> _Exercise objective_: Look through the data below for the string "RARE", and copy every line where it turns up.

[Brief descriptive captions]
# # # #

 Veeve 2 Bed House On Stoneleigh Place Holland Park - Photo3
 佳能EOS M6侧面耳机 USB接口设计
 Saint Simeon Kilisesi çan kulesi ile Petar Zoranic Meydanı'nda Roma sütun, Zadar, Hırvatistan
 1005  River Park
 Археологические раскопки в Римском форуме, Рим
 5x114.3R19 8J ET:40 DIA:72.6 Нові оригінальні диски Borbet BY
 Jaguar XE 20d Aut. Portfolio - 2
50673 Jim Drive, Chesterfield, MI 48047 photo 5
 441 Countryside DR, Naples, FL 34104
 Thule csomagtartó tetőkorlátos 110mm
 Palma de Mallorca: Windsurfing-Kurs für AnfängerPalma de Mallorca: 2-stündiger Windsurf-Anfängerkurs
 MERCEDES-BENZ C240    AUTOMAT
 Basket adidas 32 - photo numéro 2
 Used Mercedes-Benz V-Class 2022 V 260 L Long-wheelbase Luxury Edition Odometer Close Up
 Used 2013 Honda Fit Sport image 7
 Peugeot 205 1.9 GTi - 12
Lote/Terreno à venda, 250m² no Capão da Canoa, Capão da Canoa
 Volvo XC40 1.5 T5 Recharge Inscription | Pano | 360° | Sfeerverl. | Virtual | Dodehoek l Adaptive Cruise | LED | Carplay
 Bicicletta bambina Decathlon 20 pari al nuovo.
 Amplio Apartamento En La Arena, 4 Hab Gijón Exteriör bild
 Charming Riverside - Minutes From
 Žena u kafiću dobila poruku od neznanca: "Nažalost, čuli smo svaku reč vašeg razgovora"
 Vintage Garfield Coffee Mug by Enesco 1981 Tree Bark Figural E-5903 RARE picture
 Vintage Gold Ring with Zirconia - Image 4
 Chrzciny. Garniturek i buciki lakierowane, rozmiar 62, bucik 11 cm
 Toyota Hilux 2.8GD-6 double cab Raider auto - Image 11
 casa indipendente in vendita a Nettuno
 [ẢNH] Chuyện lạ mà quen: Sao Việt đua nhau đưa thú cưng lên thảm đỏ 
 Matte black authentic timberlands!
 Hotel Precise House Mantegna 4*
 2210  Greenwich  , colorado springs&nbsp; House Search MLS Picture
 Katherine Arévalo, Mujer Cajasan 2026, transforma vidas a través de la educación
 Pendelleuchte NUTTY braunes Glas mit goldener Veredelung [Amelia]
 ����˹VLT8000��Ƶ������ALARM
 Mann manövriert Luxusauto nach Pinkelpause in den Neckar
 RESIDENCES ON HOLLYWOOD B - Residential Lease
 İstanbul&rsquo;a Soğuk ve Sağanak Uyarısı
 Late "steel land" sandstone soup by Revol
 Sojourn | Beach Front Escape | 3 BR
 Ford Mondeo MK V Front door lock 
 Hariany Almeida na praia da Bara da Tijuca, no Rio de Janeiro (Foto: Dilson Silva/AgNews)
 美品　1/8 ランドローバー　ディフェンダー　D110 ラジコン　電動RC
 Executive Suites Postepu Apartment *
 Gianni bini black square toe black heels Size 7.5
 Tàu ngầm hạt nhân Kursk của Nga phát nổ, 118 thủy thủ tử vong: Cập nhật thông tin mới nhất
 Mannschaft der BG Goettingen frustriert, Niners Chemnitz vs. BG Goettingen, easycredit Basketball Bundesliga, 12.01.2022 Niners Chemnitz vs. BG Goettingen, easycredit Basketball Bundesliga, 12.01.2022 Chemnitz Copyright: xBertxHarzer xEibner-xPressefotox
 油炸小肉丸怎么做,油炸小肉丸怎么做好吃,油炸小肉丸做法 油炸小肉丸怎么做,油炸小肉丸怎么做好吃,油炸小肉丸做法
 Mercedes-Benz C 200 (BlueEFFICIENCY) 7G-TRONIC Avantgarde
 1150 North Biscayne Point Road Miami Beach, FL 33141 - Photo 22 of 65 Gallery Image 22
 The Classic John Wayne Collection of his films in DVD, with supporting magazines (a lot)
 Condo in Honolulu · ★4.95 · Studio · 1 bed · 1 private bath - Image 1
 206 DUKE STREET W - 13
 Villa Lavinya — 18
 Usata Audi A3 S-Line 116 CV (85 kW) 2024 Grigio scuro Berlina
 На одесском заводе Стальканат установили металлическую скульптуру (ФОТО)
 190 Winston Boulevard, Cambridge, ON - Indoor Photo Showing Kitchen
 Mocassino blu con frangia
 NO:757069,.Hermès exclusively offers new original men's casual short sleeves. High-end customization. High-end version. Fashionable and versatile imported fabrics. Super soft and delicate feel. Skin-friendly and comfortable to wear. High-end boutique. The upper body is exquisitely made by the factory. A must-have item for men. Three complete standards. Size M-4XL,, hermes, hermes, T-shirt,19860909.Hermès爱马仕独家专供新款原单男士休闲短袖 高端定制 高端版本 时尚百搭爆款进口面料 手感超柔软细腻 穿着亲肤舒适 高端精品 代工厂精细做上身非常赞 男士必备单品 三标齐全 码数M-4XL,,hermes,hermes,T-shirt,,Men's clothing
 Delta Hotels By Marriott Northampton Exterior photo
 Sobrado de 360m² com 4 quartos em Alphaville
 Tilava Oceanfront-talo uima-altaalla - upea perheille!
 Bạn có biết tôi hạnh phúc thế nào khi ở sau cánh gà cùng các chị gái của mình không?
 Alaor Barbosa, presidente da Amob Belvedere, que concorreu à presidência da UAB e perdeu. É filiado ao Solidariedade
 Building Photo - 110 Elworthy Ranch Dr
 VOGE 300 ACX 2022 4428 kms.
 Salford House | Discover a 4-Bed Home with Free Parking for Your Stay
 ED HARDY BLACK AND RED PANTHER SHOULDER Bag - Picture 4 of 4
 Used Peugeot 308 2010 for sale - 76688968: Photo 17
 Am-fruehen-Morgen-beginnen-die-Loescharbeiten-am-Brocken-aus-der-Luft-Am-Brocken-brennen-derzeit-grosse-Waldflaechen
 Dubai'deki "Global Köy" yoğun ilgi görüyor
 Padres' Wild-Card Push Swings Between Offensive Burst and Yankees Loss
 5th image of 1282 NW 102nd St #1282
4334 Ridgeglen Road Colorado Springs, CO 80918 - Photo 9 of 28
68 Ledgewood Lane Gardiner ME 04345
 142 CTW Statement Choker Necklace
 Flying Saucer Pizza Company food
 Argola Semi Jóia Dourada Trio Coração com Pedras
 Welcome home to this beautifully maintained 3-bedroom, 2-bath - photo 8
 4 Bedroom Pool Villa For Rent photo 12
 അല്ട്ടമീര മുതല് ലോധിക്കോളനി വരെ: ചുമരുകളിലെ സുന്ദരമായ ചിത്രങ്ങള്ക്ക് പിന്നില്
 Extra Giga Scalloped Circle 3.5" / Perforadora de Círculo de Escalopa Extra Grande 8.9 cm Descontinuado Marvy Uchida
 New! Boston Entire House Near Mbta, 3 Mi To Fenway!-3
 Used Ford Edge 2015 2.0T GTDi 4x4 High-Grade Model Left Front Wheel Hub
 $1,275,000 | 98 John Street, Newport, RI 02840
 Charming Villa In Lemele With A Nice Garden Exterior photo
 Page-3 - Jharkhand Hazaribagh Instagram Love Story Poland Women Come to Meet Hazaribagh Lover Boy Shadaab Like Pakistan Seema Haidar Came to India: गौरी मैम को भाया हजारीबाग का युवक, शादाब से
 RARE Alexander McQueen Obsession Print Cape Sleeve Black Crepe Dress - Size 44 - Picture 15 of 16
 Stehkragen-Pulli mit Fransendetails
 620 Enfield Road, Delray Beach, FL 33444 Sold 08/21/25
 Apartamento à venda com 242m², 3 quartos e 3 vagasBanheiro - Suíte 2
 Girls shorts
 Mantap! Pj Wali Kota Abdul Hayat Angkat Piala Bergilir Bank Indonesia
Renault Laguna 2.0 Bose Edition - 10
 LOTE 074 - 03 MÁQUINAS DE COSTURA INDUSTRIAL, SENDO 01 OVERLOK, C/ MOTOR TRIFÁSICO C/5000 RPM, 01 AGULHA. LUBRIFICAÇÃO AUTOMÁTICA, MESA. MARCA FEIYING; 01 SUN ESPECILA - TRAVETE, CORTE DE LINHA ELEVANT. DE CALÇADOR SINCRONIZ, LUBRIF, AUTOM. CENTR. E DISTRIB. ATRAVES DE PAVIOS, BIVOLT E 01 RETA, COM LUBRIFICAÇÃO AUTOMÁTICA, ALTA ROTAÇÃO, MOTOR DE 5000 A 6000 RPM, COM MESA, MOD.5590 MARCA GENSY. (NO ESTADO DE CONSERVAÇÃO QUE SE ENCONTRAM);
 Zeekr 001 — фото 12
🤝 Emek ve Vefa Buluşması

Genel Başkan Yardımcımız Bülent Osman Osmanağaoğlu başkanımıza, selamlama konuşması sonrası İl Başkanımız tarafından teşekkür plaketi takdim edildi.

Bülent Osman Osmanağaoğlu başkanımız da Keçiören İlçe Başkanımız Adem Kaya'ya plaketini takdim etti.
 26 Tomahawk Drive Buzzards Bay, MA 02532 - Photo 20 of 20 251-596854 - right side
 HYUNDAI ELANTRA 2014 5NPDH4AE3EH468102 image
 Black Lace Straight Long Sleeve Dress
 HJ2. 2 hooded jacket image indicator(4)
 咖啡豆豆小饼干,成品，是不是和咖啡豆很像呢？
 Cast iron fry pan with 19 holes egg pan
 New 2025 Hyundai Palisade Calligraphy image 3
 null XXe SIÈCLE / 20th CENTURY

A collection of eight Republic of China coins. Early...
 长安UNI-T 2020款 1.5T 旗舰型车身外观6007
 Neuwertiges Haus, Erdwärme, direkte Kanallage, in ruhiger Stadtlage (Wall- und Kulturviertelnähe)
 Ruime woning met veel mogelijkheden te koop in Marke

# # # #

> _Reply_:
 Vintage Garfield Coffee Mug by Enesco 1981 Tree Bark Figural E-5903 RARE picture
 RARE Alexander McQueen Obsession Print Cape Sleeve Black Crepe Dress - Size 44 - Picture 15 of 16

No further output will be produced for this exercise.